"I'm dead done up, Dora. I need my dinner, come on!"

"Then you'd better take the 6.00 train. You've just time," she said hurriedly.

"All right. Come on!"

He laid his hand on her shoulder with a gesture that was entreating. It was the first time he had touched her. A frightened look came into her eyes. He did not see it, for he was still avoiding her face. It was as if he were afraid of reading something there he did not wish to know.

Her red lips had taken on a petulant expression—that of one who hated to be "stirred up." In a childish voice—which only thinly veiled an obstinate determination—she pouted: "I'm not going—yet."

The words were said almost under her breath, as if she were fearful of their effect on him, yet was determined to carry her point.

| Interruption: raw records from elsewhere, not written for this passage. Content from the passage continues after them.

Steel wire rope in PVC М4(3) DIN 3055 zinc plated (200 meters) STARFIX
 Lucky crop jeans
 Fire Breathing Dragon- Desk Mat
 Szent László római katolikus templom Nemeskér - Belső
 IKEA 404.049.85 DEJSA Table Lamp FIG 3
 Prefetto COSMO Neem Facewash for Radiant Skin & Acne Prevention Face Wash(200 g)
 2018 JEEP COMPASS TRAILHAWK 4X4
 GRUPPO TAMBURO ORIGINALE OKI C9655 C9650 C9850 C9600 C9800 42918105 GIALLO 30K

But the man only sighed deeply as he replied: "I thought your dancing lessons were over. I hoped I was no longer to spend my evenings alone. Alone! Looking round at the things that are yours, and among which I feel so out of place, except when you are there to make me forget. God! What damnable evenings I've spent there—feeling as if you were slipping further and further out of my life—as if you were gone, and I had only the clothes you had worn, an odor about me somewhere to convince me that I had not dreamed you! Sometimes that faint, indistinct, evasive scent of you in the room has almost driven me out of my head. I wonder I haven't killed you before now—to be sure of you! I'm afraid of Hell, I suppose, or I should have."

The woman did not look at all alarmed. Indeed there was a light in her amber eyes that spoke of a kind of gratification in stirring this young giant like that—this huge fellow that could so easily crush her—but did not! She knew better why than he did—but she said nothing.

With his eyes still fixed on space—after a pause—he went on: "I was fool enough to believe that that was all over, at last, that you had danced to your heart's content, and that we were to begin the old life—the life before that nonsense—over again. You were like my old Dora all day yesterday! The Dora I loved and courted and married back there in the woods. But I might have known it wasn't finished by the ache I had here," and he struck himself a blow over the heart with his clenched fist, "when I waked this morning, and by the weight I've carried here all day." And he drew a deep breath like one in pain.

The woman looked about as if apprehensive that even his passionate undertone might have attracted attention, but only a man by the radiator seemed to have noticed, and he had the air of being not quite sober enough to understand.